COLLIN'S CUSTODY AND PLACEMENT
Custody and placement of
Collin was awarded to Gerald on January 21, 1994. From that point on, the parties focused their attention on
Lauren's custody and placement and on financial issues. Numerous hearings were held between
January 21, 1994 and the filing of a notice of appeal, and neither party
raised any issue about Collin's custody or placement. Indeed, at an October 19, 1994 hearing, Nanette's counsel
acknowledged that "[t]here is no motion here asking the Court to change
the custody of Collin." In her
notice of cross-appeal and docketing statement, Nanette did not indicate that
she was disputing Collin's custody or placement. Under these circumstances, we conclude that any challenge to
Collin's custody or physical placement has been waived.[5]
Costs on appeal are
denied to both parties.
By the Court.—Orders
affirmed in part; reversed in part and cause remanded with directions.
This opinion will not be
published. See Rule 809.23(1)(b)5, Stats.
[1] The guardian ad litem concedes that he misled the trial court, and urges reversal of the custody order.
[2] Gerald is a physician whose annual income for child support purposes was $200,000. After offsetting Nanette's child support obligation for Sean and Collin (who reside with Gerald), the court ordered Gerald to pay monthly child support of $1458.
[3] The factors enumerated in §
767.25(1m), Stats., are:
(a) The
financial resources of the child.
(b) The
financial resources of both parents as determined under s. 767.255.

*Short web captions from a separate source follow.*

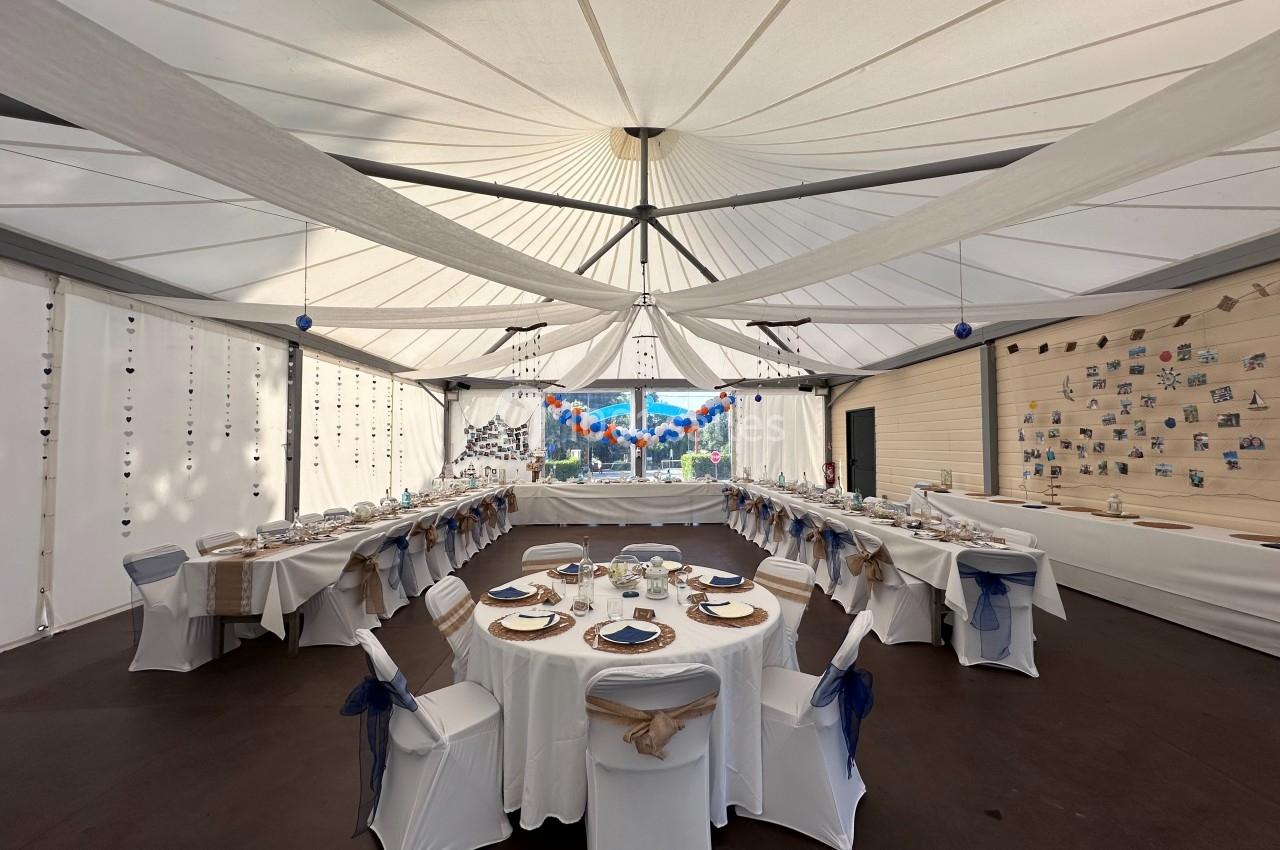 Salle de réception décorée avec des tables rondes dressées, chaises blanches ornées de nœuds bleus et plafond drapé.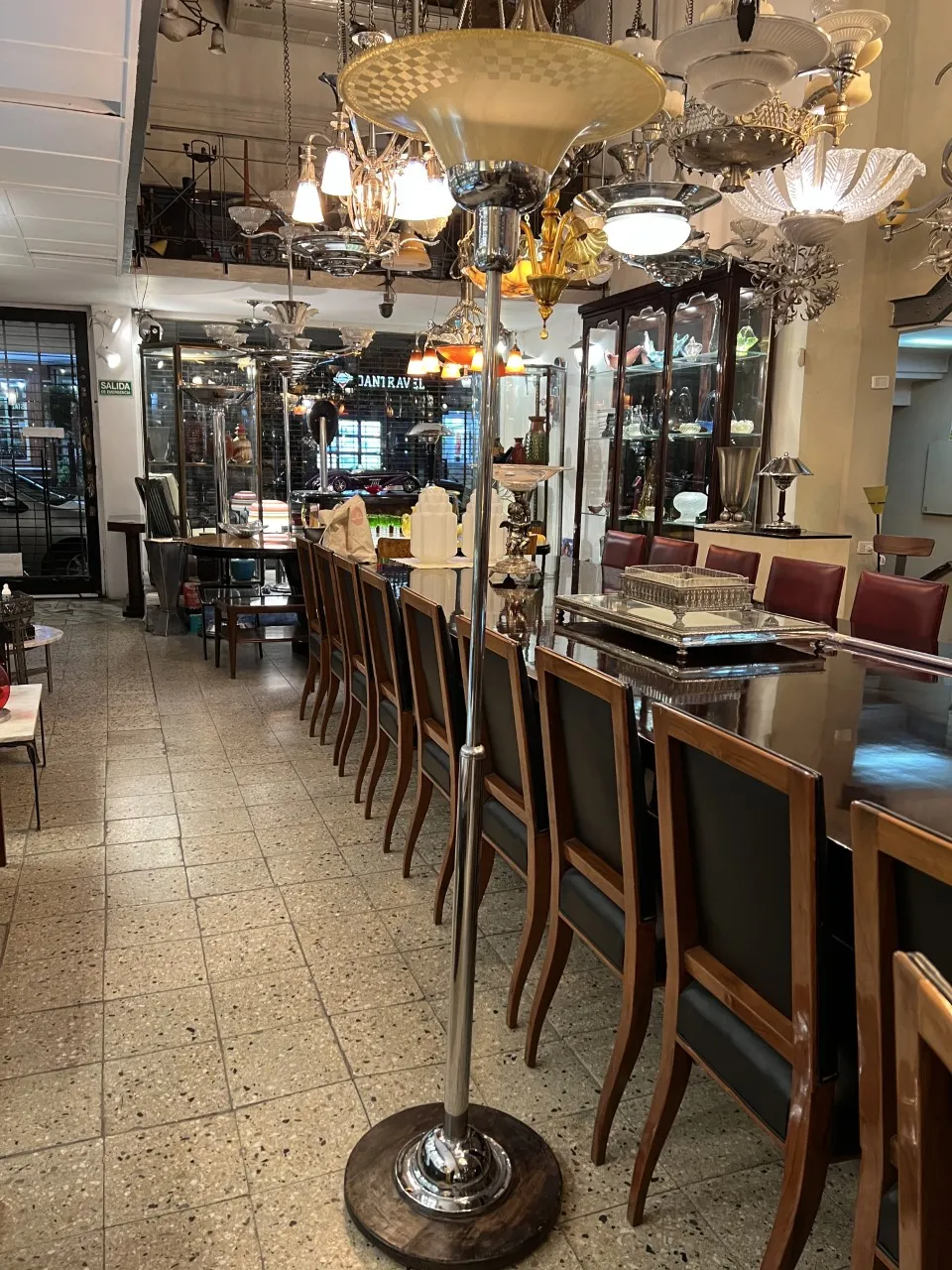 Antique floor lamp with elegant design in a decorative setting.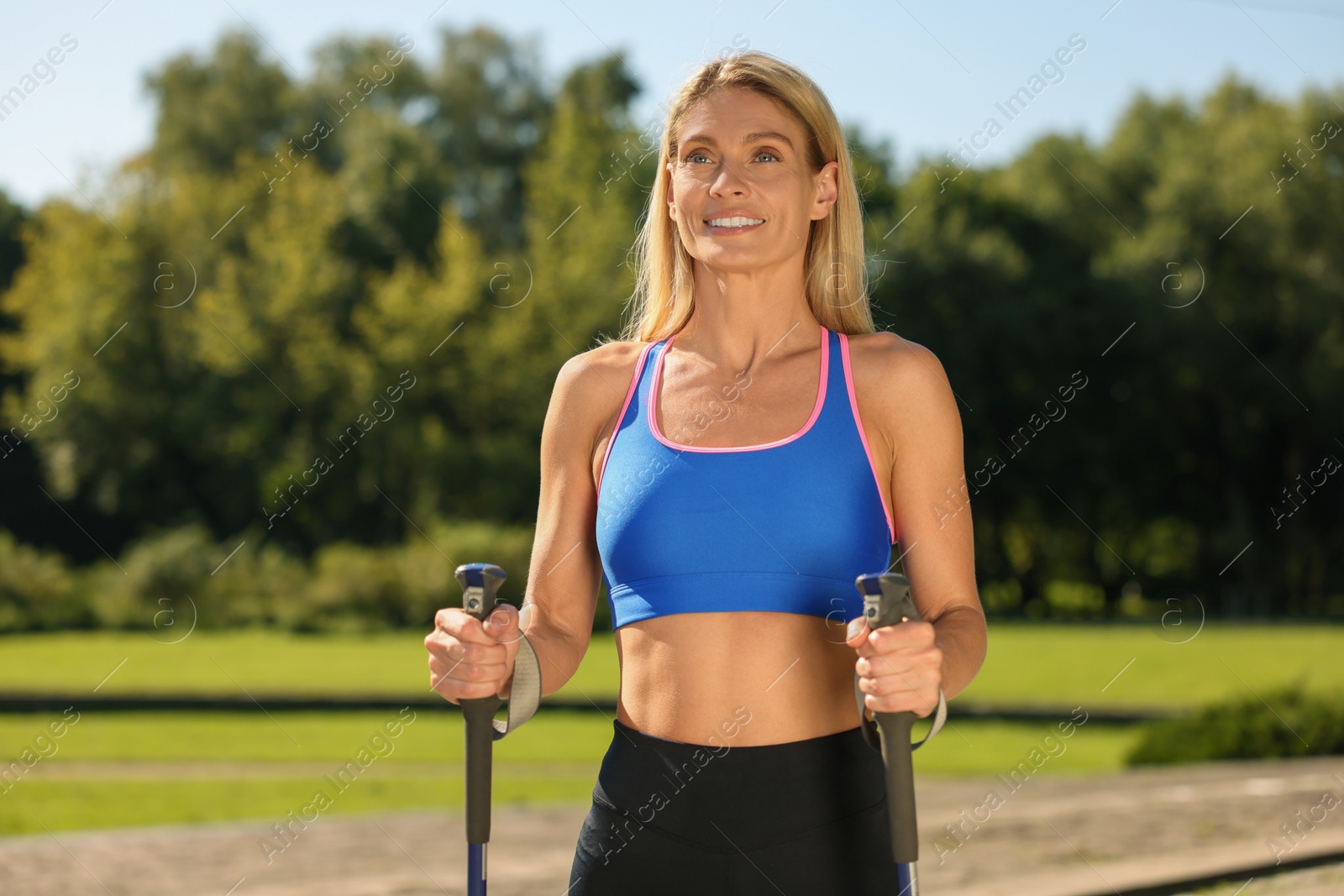 Photo of Happy woman practicing Nordic walking with poles in park on sunny day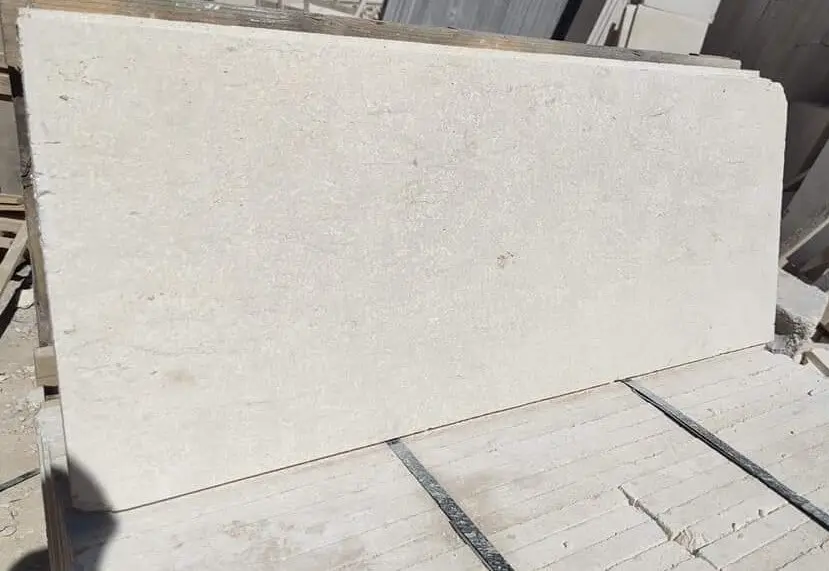 A pale beige stone slab rests on stacked material with metal straps.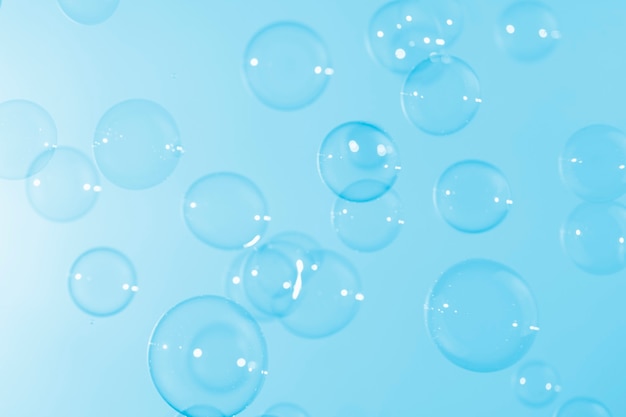 Bulles de savon transparentes claires flottant sur fond bleu.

(bj) Maintenance received by either party.
(bp) The
needs of each party in order to support himself or herself at a level equal to
or greater than that established under 42 USC 9902(2).
(bz) The
needs of any person, other than the child, whom either party is legally
obligated to support.
(c) The
standard of living the child would have enjoyed had the marriage not ended in
annulment, divorce or legal separation.
(d) The
desirability that the custodian remain in the home as a full-time parent.
(e) The
cost of day care if the custodian works outside the home, or the value of
custodial services performed by the custodian if the custodian remains in the
home.
(ej) The
award of substantial periods of physical placement to both parents.
(em) Extraordinary
travel expenses incurred in exercising the right to periods of physical
placement under s. 767.24.
(f) The
physical, mental and emotional health needs of the child, including any costs
for health insurance as provided for under sub. (4m).
(g) The
child's educational needs.
(h) The
tax consequences to each party.
(hm) The
best interests of the child.
(hs) The
earning capacity of each parent, based on each parent's education, training and
work experience and the availability of work in or near the parent's community.
(i) Any other factors which the court in each case determines are relevant.
[4] The court ordered that the parties share on an equal basis the cost of Lauren's in-patient treatment after physical placement was transferred to the Clinic. Neither party challenges that order.
[5] We decline to premise our refusal to address the question of Collin's custody and physical placement on a lack of appellate jurisdiction as urged by both Gerald and the guardian ad litem. While the record shows that Collin's custody and physical placement was resolved orally on January 21, 1994 and by written order entered on August 22, 1994, child support remained unresolved for several more months. The "entire matter in litigation between the parties" was not disposed of by the August 22, 1994 order. If Nanette had filed a notice of appeal from the August 22 order, the appeal would have been dismissed as brought from a nonfinal order. See § 808.04(1), Stats.